Оттуда мы приехали в Брюссель, где, пробыв несколько дней, оставили экипажи и часть людей, а сами отправились через Антверпен в Голландию, которую объехали всю: мы посетили Роттердам, Дельфт, Гаагу, Лейден, Утрехт, поселение братьев гернгутеров[134], Гаарлем. Я получила письмо от нашего посланника в Голландии, князя Голицына, очень позабавившее нас. Он с большим юмором писал про инцидент с купцом, которого я приютила в нанятом мною помещении на судне и который, приехав к князю, передал ему нижайшее почтение от имени русской женщины, пользующейся его покровительством и путешествующей благодаря его щедротам. Князь долгое время не мог понять доброго голландца и счел его даже за сумасшедшего, но, расспросив его, где он меня видел и кто был со мной, он наконец догадался, что это была я, и смутил бедного купца, сказав ему мое имя. Дело в том, что в ту минуту, как «трешкоут»[135], в котором я наняла комнату (руфф), собирался тронуться в путь, прибежал человек, очевидно спешивший уехать. Оставалось свободным только одно место на крыше; тогда, видя его беспокойство, я попросила его войти в мою комнату, что он и сделал с великим удовольствием. Он объяснил мне – наполовину по-голландски, наполовину на плохом немецком языке, что неотложные дела требуют его присутствия в известный день в Гааге; мне пришла мысль скрыть свое имя, и я просила его пойти к нашему министру (он уверял меня, что его знает) и сказать ему, что русская женщина, пользующаяся его покровительством, кланяется ему и просит его адресовать свои письма в Амстердам. Нам предстояло подняться по другому каналу, находившемуся на другом конце города; чтобы попасть на него, приходилось пройти через весь город пешком, а так как до отхода следующего трешкоута оставалось два часа, я спросила его, как обыкновенно пассажиры проводят это время.

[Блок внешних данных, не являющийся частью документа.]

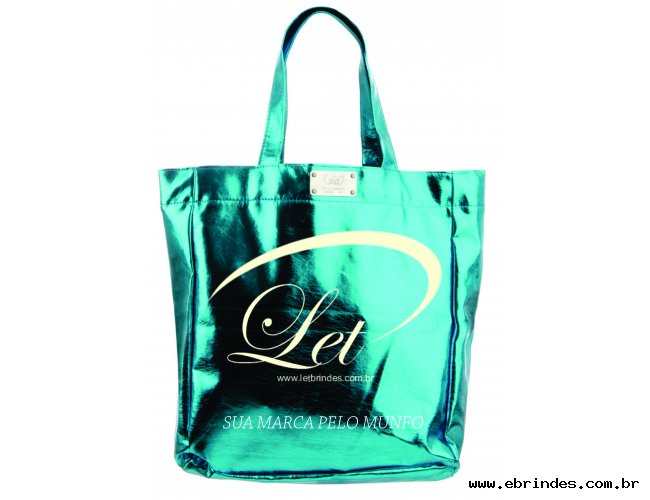 sacolas ecolgicas TNT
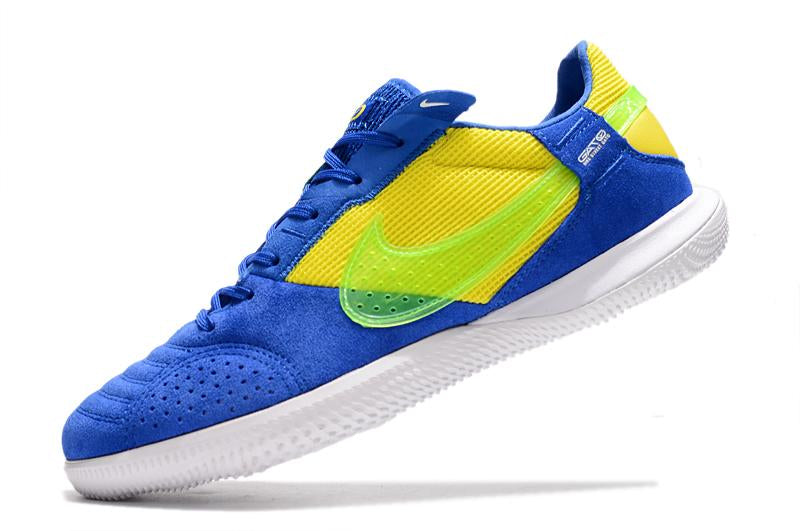 Chuteira Nike Streetgato Futsal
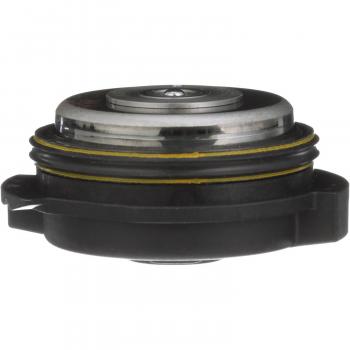 BWD VV1381 - Engine Variable Timing Solenoid BWD VV1381 Engine Variable Timing Solenoid product image 1 of 4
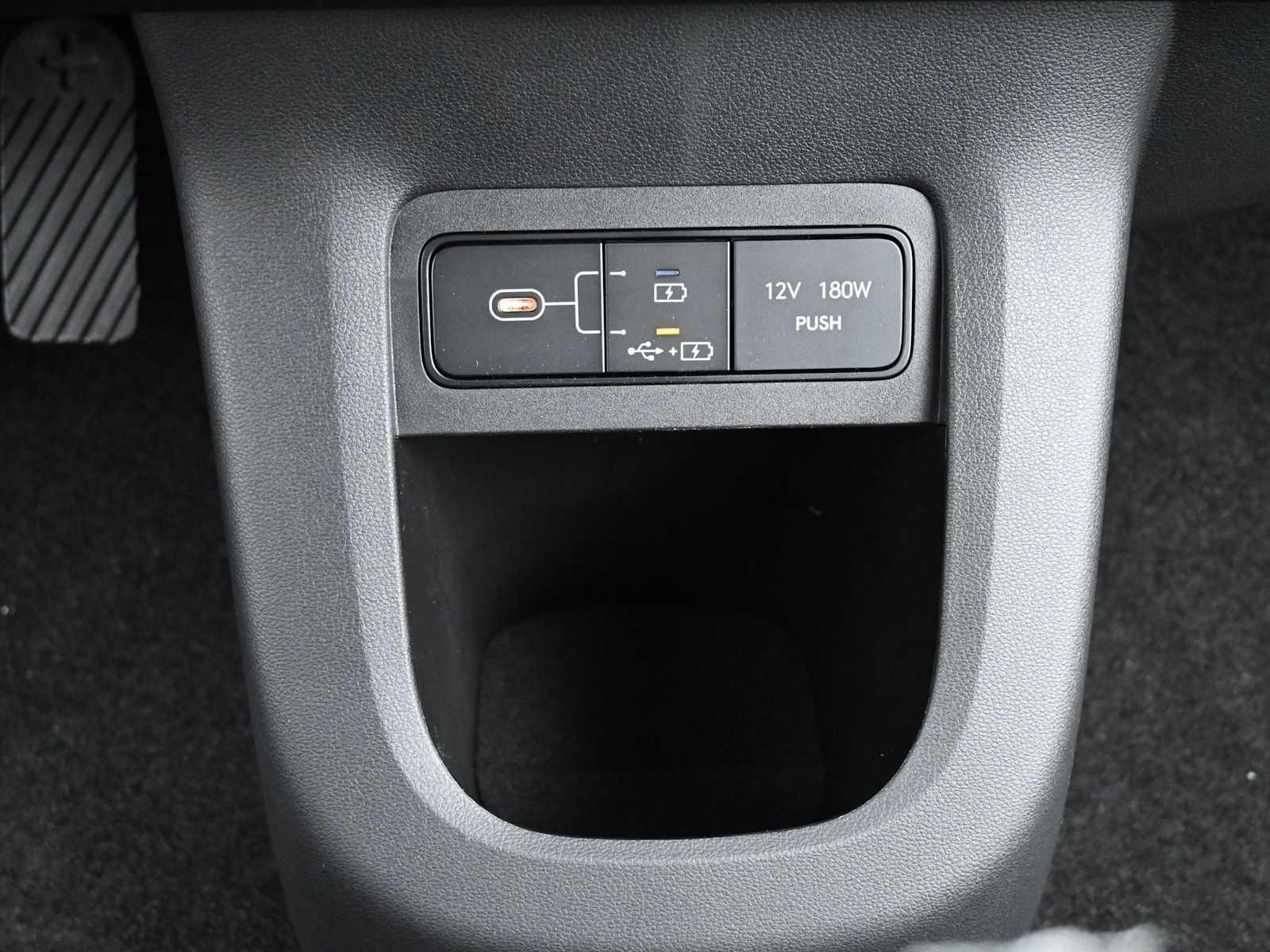 New 2025 Hyundai Ioniq 5 XRT image 20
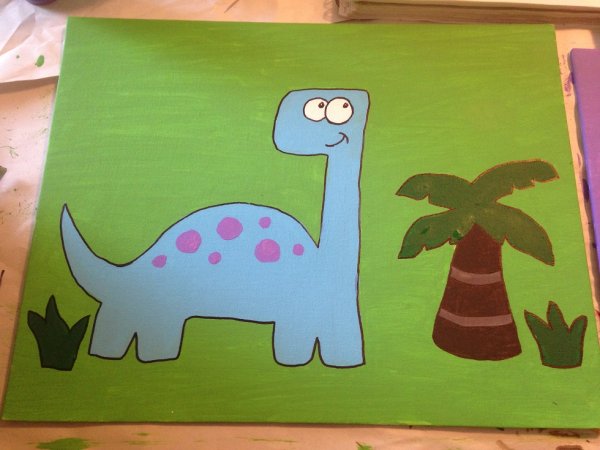 warden201801_dino trio 1.jpg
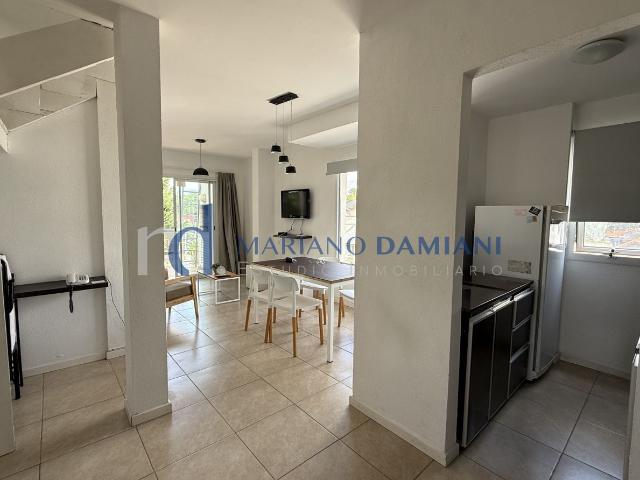 Departamento EN VENTA en Inmomap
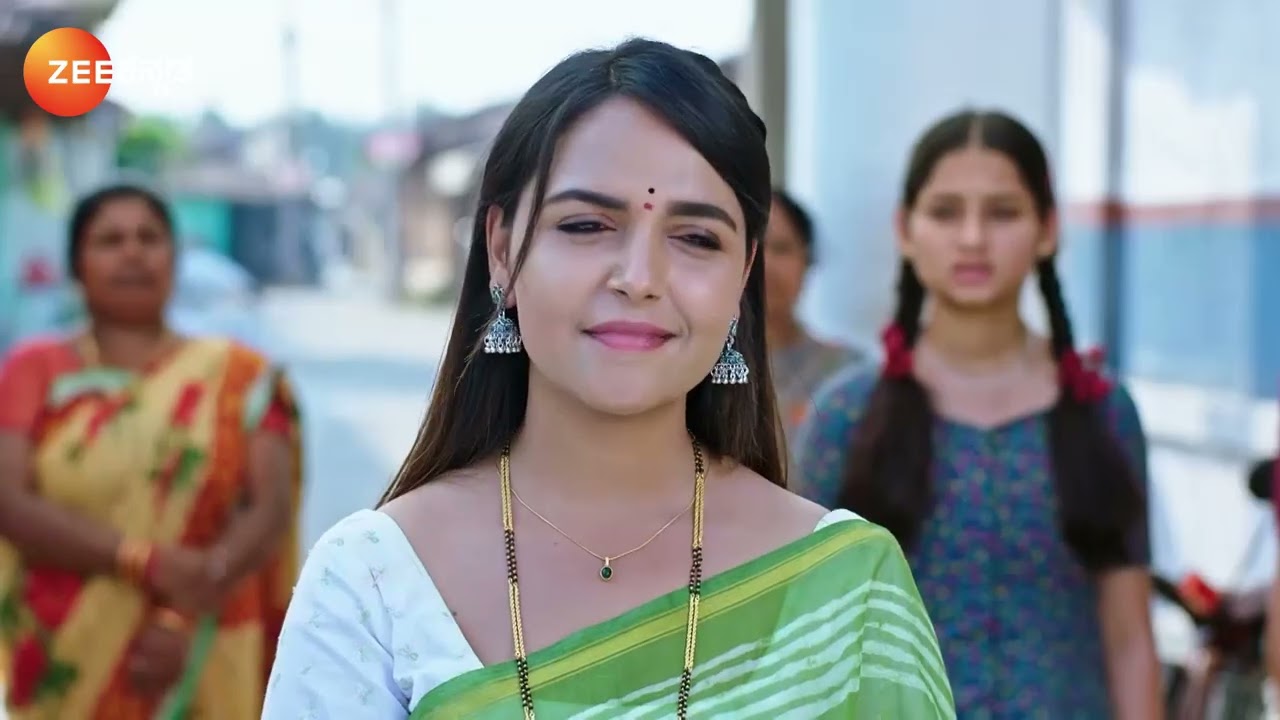 Annayya | Ep - 156 | Webisode | Mar 18 2025 | Zee Kannada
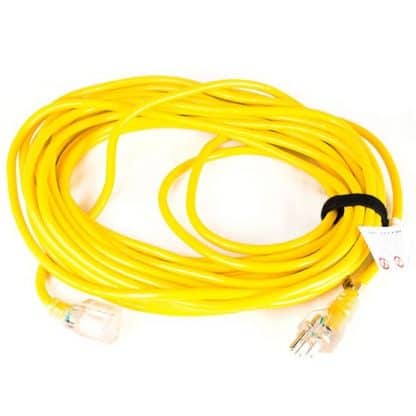 ProTeam 16-Gauge Extension Cord
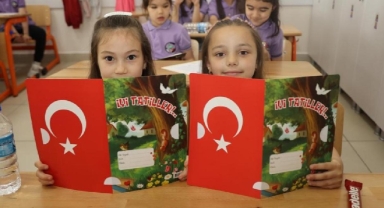 Yarıyıl tatili bugün başlıyor! Okullar ne zaman açılacak?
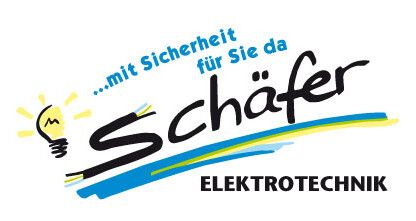 Schäfer Elektrotechnik - Schäfer Elektrotechnik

– Туземцы имеют здесь либо дела, либо знакомых и родных, – ответил он, – но так как вы иностранцы, я поведу вас в один трактир недалеко от пристани.

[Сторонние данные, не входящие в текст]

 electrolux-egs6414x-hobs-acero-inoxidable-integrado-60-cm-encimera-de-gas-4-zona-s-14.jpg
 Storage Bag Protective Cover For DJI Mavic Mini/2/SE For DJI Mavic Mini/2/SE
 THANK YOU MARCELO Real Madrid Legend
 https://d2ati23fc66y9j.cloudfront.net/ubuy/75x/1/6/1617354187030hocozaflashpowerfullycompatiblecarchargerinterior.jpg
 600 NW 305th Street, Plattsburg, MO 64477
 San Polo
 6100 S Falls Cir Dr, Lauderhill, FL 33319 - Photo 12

Я приняла его предложение, и мы едва могли удержаться от смеха, когда он стал нас угощать пивом, хлебом и сыром.

Вернувшись в Гаагу, я свиделась еще раз с принцессой Оранской, которую искренно любила и уважала. Оба раза, когда я была в Гааге, она настояла на том, чтобы я ее посетила, хотя я отговаривалась неимением с собой других платьев, кроме дорожных; но она прислала ко мне свою воспитательницу, мадам Дункельман, пользовавшуюся полным доверием принцессы-матери в деле воспитания принцессы Оранской. Не распространяясь о всех ее прекрасных качествах, скажу только для ее характеристики, что она состояла в переписке с Фридрихом Великим, дядей принцессы Оранской. По ее настоянию я решила пренебречь этикетом по части костюма и поехала с дочерью во дворец в карете мадам Дункельман.

Мы ужинали у принцессы как в этот день, так и во все последующие, пока оставались в Гааге, а также и по возвращении из помянутой круговой поездки. Принц Оранский ужинал с нами; обыкновенно он за ужином засыпал, несмотря на ранний час, но в этот раз он, сидя рядом со мной, даже не дремал. Он сказал мне, что любит засыпать за столом, но что я была так добра, что отогнала Морфея от его вежд. Я выразила сожаление, что он приносит мне такую большую жертву, а когда принцесса спросила меня, что мне говорил принц, я, стесняясь повторить его слова, сказала только, что он говорил мне любезности.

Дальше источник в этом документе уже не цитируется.